**Problem details:**
Would you transcribe the records below from the line with "碎花連衣裙搭配什么鞋子？玩轉(zhuǎn)復(fù)古甜美" to the line with "Thumbnail: 2025 Toyota RAV4 - 11", ends included, exactly and with nothing more, leaving the pictures out?

**Record excerpts:**

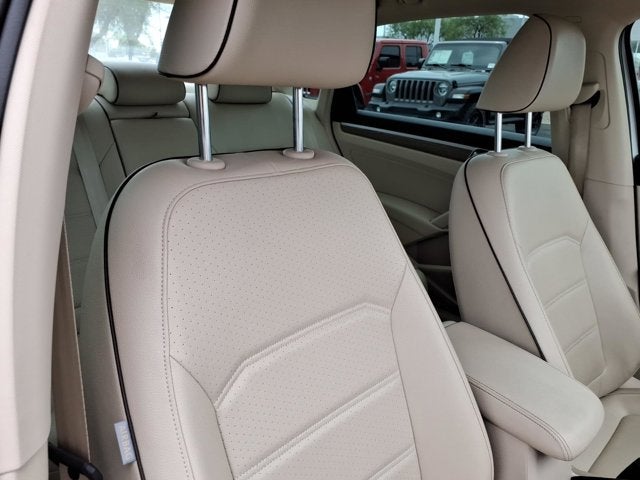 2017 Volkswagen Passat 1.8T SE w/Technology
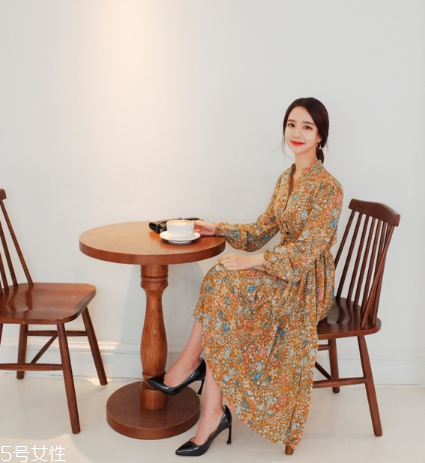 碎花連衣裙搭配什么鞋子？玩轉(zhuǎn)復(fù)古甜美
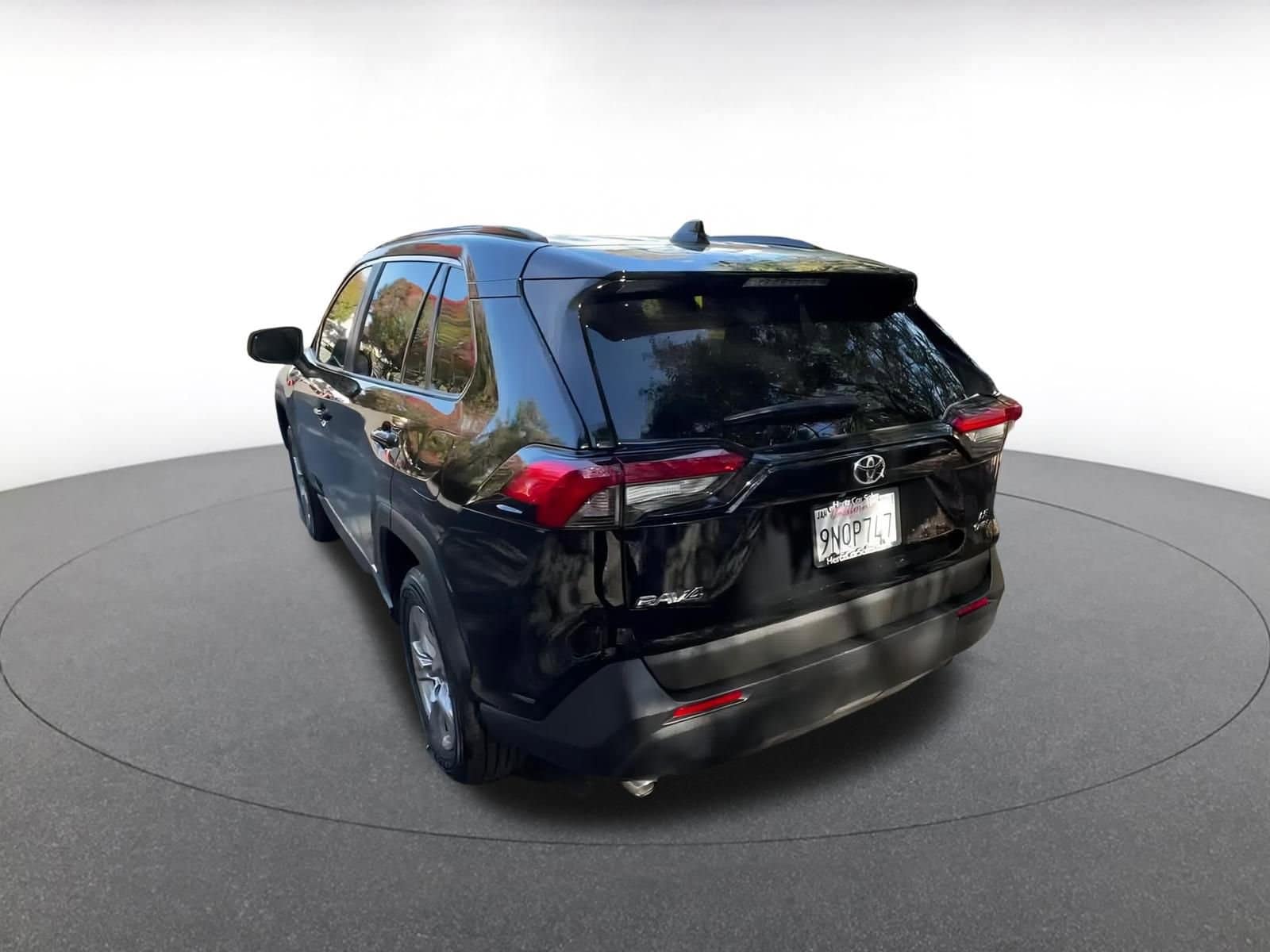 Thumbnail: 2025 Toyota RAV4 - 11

==

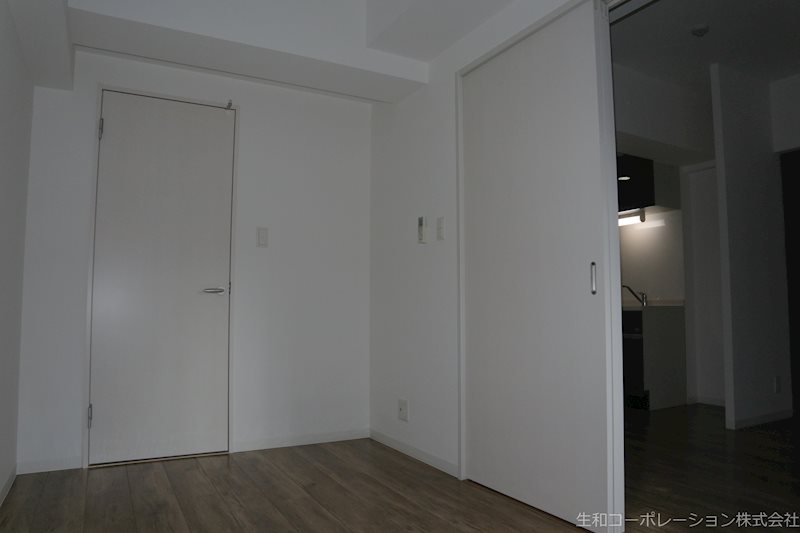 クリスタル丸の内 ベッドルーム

...

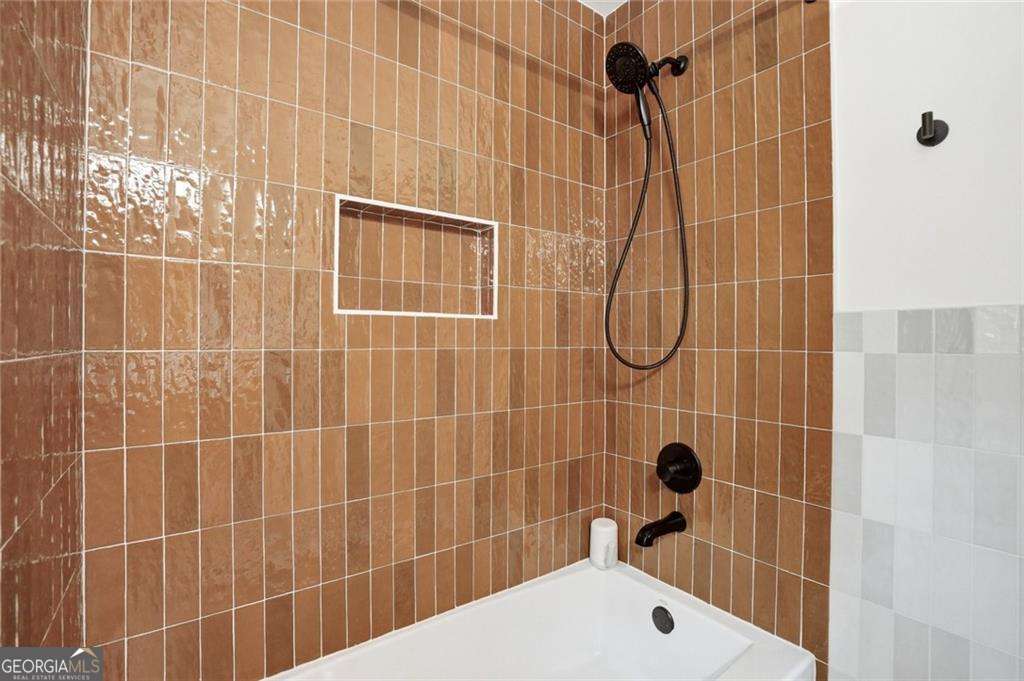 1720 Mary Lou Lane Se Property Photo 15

**Result:**
 碎花連衣裙搭配什么鞋子？玩轉(zhuǎn)復(fù)古甜美
 Thumbnail: 2025 Toyota RAV4 - 11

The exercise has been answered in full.